Les saints du paradis terrestre

Durant le long séjour que je fis à la Plantation de caoutchouc Michelin et Cie, située dans l'État de Céara (Brésil), je pus à loisir étudier les mœurs et les coutumes des habitants de cette contrée.

Ce pays ne connaît pas encore le vrombissement des moteurs, l'encombrement des foules, l'âpreté et l'égoïsme des habitants des villes ; seuls le sentier vous conduit et le cheval vous transporte, sous un climat de paradis terrestre, entouré d'une végétation luxuriante.

La population indigène se composait d'une centaine de familles disséminées à travers les 1.500 hectares que comprenait la plantation. Cet important domaine planté de plus d'un million de pieds de caoutchoutiers, qui s'étageaient sur des collines, était agrémenté ça et là de riantes vallées, où l'on trouvait à profusion les cannes à sucre et tous les fruits exotiques.
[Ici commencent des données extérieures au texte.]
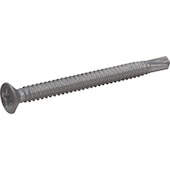 Viti AUTF. FD42 3,9X16 MM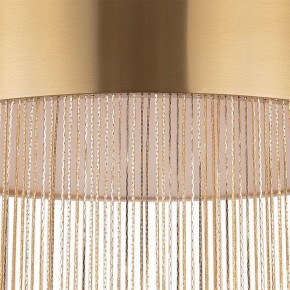 Накладной светильник Maytoni Imaginary MOD190CL-L18G3K в Краснокамске - krasnokamsk.mebel24.online | фото 4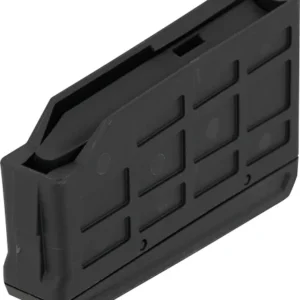 WINCHESTER XPR MAGAZINE  350 - LEGEND DETACHABLE BOX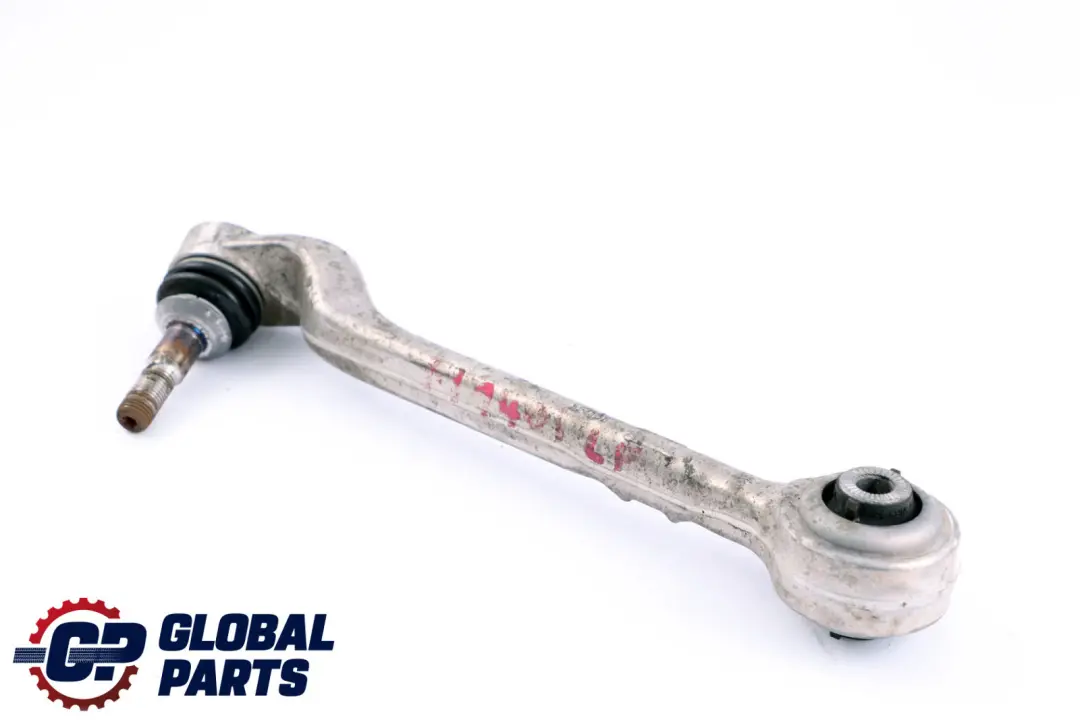 BMW F20 F21 M135i N55 Querlenker Links Vorderachs Aufhängung - SKU 6857329 - Teilenummer 6857329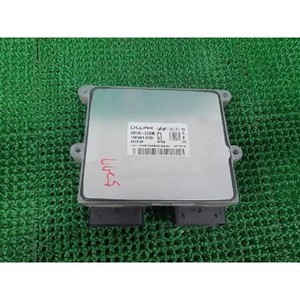 Equus a utilisé des ECU et des modules informatiques 391063C900 - Product Image 5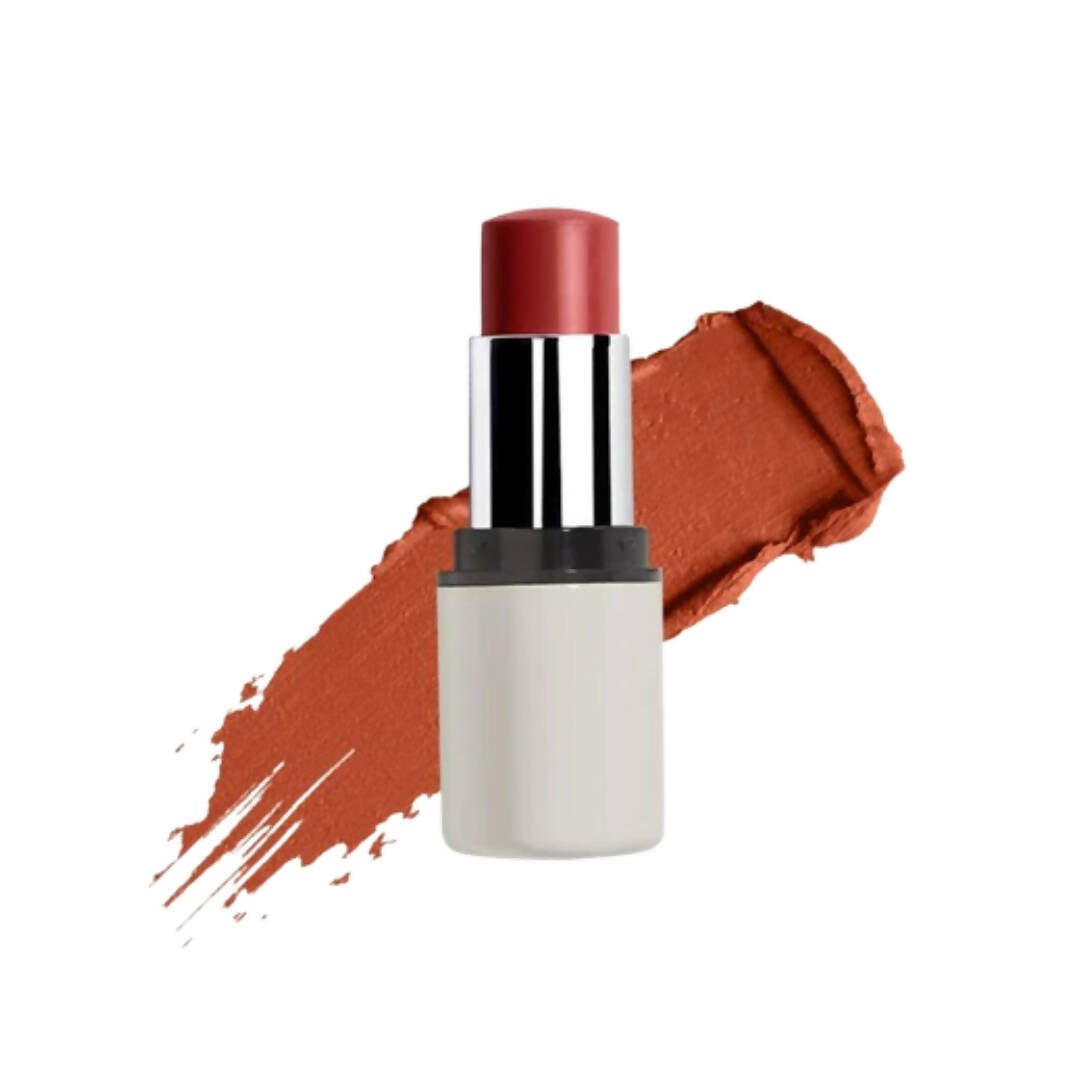 https://cdn.shopify.com/s/files/1/1857/6931/files/X5FwheNu4x-985800.jpg?v=1759384684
Cette terre prodigue, favorisée par un climat sans hiver, sans été, permettait aux habitants de vivre dans des casas faites de branches et de terre. La race est très mêlée. Le noir et le métis dominent, aux moeurs primitives ; leurs coutumes découlent de leur sagesse à vivre en étroit contact avec la nature et, quand parfois quelques écarts se produisent, leur bon sens de primitifs finit toujours par rétablir la mesure et faire rentrer tout dans l'ordre indispensable à la vie normale.
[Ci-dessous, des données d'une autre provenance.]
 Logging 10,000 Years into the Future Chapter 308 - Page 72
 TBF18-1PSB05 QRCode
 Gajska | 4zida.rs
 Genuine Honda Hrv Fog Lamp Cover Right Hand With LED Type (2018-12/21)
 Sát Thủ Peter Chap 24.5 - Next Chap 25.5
Ils professent la religion catholique de façon plutôt primitive, à leur manière ; un curé exerce son ministère dans les environs, une église existe dans la forêt, où ils se marient, sans actes ; une simple bénédiction suffit pour que leur union reste indissoluble. L'État, étant séparé de l'Église, ne reconnaît aucun représentant, et le curé fait payer tous ses actes.

Les croyances des indigènes ne dépassent pas le stade des saints. Chaque individu possède un oratoire, où figure en bonne place un saint de sa prédilection, qu'il rend responsable de tout ce qui arrive, en bien ou en mal, dans sa maison. C'est ordinairement à saint Antonio, le saint le plus vénéré du Brésil, que revient cet honneur, et c'est celui que l'on rencontre le plus souvent dans les oratoires.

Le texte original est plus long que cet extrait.